Most people have never applied much critical thought to ads, with their efforts to make the very best work being hampered by ignorance, writes AMV BBDO's Craig Mawdsley.

Craig Mawdsley highlights two kinds of ignorance that hampers marketers' efforts to create good work
Craig Mawdsley highlights two kinds of ignorance that hampers marketers' efforts to create good work

I’m a Wolverhampton Wanderers fan, and attend a lot of football matches at Molineux. Every so often at half time, a couple will be on the pitch, and a guy will propose to his girlfriend in front of the whole stadium. Inevitably, the South Bank will then begin to chant "You don’t know what you’re doing!" and everyone laughs. It’s an adaptation of the refrain that targets the referee following any perceived miscarriage of justice for an offence on the pitch.

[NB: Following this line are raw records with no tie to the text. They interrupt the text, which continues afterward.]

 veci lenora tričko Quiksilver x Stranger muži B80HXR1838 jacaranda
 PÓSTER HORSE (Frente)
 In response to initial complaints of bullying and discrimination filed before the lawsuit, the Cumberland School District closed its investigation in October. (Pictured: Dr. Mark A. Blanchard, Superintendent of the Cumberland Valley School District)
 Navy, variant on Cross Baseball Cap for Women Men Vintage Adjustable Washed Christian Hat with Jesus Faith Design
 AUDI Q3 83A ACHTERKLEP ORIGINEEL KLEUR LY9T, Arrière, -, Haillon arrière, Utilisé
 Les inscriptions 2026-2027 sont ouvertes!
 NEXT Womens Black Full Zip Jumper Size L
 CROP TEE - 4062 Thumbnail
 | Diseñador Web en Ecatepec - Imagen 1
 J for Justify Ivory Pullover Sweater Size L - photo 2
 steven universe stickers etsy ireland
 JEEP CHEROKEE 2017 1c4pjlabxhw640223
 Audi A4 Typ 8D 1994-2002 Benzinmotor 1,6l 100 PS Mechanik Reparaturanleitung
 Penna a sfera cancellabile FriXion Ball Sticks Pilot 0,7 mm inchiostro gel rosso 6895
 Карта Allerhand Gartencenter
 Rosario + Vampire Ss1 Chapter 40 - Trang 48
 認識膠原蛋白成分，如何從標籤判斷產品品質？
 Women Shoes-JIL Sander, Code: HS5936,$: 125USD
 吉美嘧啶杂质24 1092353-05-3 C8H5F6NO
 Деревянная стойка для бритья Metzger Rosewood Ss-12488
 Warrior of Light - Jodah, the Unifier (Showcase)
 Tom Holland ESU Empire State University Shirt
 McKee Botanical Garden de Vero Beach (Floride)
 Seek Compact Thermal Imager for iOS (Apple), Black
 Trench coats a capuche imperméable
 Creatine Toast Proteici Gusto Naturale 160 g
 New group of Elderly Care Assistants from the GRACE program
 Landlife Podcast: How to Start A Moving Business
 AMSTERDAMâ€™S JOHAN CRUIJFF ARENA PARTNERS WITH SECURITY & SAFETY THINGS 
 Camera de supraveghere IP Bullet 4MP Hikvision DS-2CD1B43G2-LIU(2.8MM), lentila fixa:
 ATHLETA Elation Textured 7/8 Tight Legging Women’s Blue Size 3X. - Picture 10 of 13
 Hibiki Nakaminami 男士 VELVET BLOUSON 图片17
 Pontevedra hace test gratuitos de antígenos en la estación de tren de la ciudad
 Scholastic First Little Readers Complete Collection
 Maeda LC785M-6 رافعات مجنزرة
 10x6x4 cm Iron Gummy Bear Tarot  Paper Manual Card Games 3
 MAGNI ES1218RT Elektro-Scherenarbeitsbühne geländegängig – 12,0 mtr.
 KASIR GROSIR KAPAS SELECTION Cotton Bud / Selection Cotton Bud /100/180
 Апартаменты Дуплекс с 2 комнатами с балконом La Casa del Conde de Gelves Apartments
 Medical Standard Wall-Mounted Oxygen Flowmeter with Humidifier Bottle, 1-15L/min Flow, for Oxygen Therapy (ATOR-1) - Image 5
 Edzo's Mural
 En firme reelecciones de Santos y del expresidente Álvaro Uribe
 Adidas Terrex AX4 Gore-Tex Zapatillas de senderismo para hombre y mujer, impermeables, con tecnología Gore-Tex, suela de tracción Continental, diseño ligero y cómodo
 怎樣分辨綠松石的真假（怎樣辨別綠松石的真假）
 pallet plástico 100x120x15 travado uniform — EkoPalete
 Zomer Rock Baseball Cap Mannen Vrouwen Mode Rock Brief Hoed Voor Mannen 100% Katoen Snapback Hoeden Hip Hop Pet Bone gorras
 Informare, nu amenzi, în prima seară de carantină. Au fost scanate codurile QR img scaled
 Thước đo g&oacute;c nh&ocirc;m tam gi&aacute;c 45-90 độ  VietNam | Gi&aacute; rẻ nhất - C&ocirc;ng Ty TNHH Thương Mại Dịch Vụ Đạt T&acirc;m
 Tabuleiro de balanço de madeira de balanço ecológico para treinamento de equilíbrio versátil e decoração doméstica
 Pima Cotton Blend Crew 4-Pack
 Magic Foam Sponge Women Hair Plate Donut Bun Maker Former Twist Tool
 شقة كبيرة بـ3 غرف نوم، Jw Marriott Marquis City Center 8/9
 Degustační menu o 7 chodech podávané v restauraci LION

At that point I often reflect on how lucky I am to work in a profession where I can go about my business without 30,000 people howling in derision at the quality of my decisions.

But maybe I’m wrong.

We don't know what we're doing

Perhaps the quality of work would be improved by more regular reminders of fallibility. And of course when it comes to advertising, in all its forms, whether traditional or modern, fallibility is common and certainty elusive. We really don’t know what we’re doing.

At the moment I’m reading Paul Feldwick’s excellent new book, The Anatomy of Humbug, which I would urge you all to read if you’re in the business of choosing and paying for advertising. It’s required reading for anyone who wants to understand where all the concepts we discuss in advertising originally came from (did you realise, for example, that the models many of us hold in our head about how to make advertising were designed for direct-response press ads? And we’re applying them to 30-second TV spots… perhaps not the best idea).

Ignorance that hampers efforts

It also highlights eloquently two kinds of ignorance that hamper our efforts to make the very best work.

Many of us have never devoted much throught to how advertising works.

The first is the more obvious one. Many of us (and I include my agency colleagues every bit as much as my clients in this) have never really devoted much thought to how advertising is intended to work, and why. Often we make multimillion-pound decisions, simply following the process from brief through to execution, with very little critical thought about how the work is actually going to create the change we seek in the real world. The ugly truth is that we are often creating and buying things on the basis that they are a bit like what we did before, or a bit like something someone else has done. Go on, admit it – we’ve all it done it at least once.

The second is the less obvious and more damaging ignorance: that of certainty. Jeremy Bullmore’s foreword to Feldwick’s book draws attention to a wonderful anecdote to illustrate this. Feldwick tells the story of presenting IPA Effectiveness Award-winning case studies. After one case someone in the audience raised their hand and said: "It is not possible that this campaign was successful. The commercial contains no consumer benefit."

Fundamentalist advertising dogma

We have all had colleagues, or work for or with organisations, that deal in this kind of fundamentalist advertising dogma. Colleagues or organisations that have a model of communication, and are certain about how advertising works.

One of the things I am now certain about is that these people and organisations are wrong.

Or rather, they are often wrong, because their model of how advertising works will be correct in some situations, but certainly not all, and not even most. The problem with their models and their certainties is that it stops them from even realising that they need to stop and think. To think about whether their pre-testing system that measures persuasion is really the best way to judge an ad designed to build awareness (or vice versa). Or even to really understand how their research works at all.

Rather than rejecting the concept of models (the typical agency mistake), or being too certain that one model works for everything (the typical brand-side marketer mistake), Feldwick’s work is a wonderful reminder to consider all the different ways that advertising works (because we do know loads about how it works). Then work out which of those models is the one most relevant for your brand, market, media or circumstance and, consequently, decide how to evaluate the creative work in front of you.

Who knows, you may even find out that you do know what you’re doing.